I also found my blog in some blog rolls. Once or twice I came across them naturally by browsing sites I was on, the rest coming up with the backlink checkers. It’s always a double take randomly coming across a link to my site in the wild. I also had some emails, a Nostr message or two, and posts on Hacker News when somebody shared my microblogging post that have either provided corrected information and/or just been a kind message - all of which have been greatly appreciated.

I found a link to my blog on the darkest of the deep web: the second page of Bing. I was trying to find out how many PDSs were self hosted on AT Proto, and after searching on a few search engines I wound up on my own site. Now, of course I was searching for information, therefore it’s not going to be in my own writing, but it was a cool find.

I started working on a novel. I’ve never penned a sentence of fiction before this, so it’s a very amateur work with a bit of a wacky plot, but it’s free to read and share so there’s very little investment needed to read.

A couple of months ago I created a photos page on my site to share a few photos I’ve taken6. It’s nothing too special, just a few photos I’ve taken that I wanted to share. Since setting up the page I’ve already added two images, and in proper make-it-more-complicated-than-it-has-to-be fashion, I added them to the middle of the gallery instead of the end. I’ll probably continue to add pictures occasionally, and at some point might add another category of heavily edited photos.

Last, a week or so before this (presumably) goes live, I started mirroring my blog on I2P. If you’re on I2P you can read everything here 1:1 on a privacy respecting protocol that doesn’t rely on ICANN or even require an open port to host content.

Future Posts

A few post ideas I may end up posting in the future.

  • I might write up a review on my old phone (G Pixel 5a), new phone (G Pixel 8a), and a mystery phone.
  • I’ll probably update my defaults post.

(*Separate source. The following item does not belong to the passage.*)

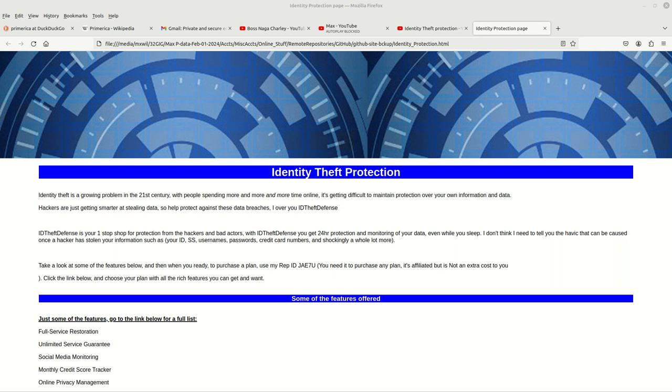I just wanted to let you guys know there is an identity theft protection service available for those of you who want your data protected 24/7 from hackers. ID Theft Defense is an identity theft protection service that will provide 24/7 protection of your data with notifications, monitoring, and alerts to let you know when someone has stolen your data.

I have made some changes to what software I use and already have the updated post partially drafted.
  • I might do a post comparing jxl and avif, and probably also ramble on about my favorite compression algorithms in general.
  • I will probably make a microblogging protocols compared v3 at some point. There have already been some changes to the ecosystem since I posted the updated version 6 months ago, and the post could benefit from being slimmed down and re-organized.
  • I might make a post detailing what I did to mirror my site in I2P.
  • Last, I might make a post about migrating playlists on VLC for Android. Having upgraded phones a bit back it was a huge pain, and there’s no official support for doing so. I found a script that lets you extract playlists from VLC’s database and copy things over, but information on how to do so (outside of that script) is pretty much nil7. It’s random, but if I write a dedicated post and search engines pick it up, it might save some people some headache. They have a pull request open on VLC’s git repo to add support for doing so, but it’s been open for seven years. Seven. Years.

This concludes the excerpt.